United Future has been re-registered and recognised as a party in parliament again.
One of the problems the party had was the Electoral Commission’s refusal to recognise electronic memberships.
Its leader Peter Dunne took the opportunity in Question Time yesterday to ask about bringing the law up to date:
Hon JUDITH COLLINS: . . . —I agree that the time has come when we should also be looking into the greater use of electronic data for all aspects of our electoral system. I have asked my officials and the Electoral Commission to consider ways in which this can be achieved while retaining the very high levels of security and public confidence in the system.
Hon Peter Dunne: Does the Minister’s answer mean that she is prepared to look, in the context of the forthcoming rewrite of the Electoral Act, at changes to the law, to ensure that where parties register members online, those memberships will be accepted as valid?
Hon JUDITH COLLINS: Yes.
Hon Peter Dunne: Is the Minister also prepared to consider, as part of that review or changes to that legislation, looking at providing for a mandatory audit by the Electoral Commission of all parties’ membership once every 3 years?
Hon JUDITH COLLINS: I have not given that matter any thought, but it is a matter that I could always discuss with the Electoral Commission.
Parties are required to have 500 members to be, and remain, registered. All the Electoral Commission has to go on is confirmation of this from the party.
There is no check on the accuracy of the count of the validity of the memberships and there should be.
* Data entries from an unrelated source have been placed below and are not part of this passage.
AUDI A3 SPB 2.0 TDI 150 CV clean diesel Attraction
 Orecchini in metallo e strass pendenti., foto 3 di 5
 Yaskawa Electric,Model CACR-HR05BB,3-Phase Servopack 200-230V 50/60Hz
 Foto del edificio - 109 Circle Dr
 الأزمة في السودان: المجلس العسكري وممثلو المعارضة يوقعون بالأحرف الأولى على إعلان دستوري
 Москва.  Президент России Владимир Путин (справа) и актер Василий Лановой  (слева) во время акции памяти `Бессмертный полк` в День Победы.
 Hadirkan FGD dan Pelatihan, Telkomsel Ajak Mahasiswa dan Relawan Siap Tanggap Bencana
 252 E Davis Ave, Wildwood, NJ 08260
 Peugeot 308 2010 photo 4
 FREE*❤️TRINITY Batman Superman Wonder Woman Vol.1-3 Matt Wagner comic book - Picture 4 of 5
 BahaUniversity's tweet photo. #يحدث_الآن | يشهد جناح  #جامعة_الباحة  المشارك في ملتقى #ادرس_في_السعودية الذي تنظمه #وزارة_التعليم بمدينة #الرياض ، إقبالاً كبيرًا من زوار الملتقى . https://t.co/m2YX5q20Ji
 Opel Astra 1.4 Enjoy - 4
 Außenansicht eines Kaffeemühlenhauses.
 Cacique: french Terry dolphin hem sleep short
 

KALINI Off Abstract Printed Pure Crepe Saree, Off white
I would also like to see a significant increase in the minimum number.
Five hundred members is a very low target for a party to reach.
MMP has given a lot more power to parties, the law needs to ensure that they are representative of more than a few hundred people.
If a party can get tens, even hundreds, of thousands of people to vote for them, they ought to be able to persuade a couple of thousand to join them.
They, and democracy, would be stronger for it.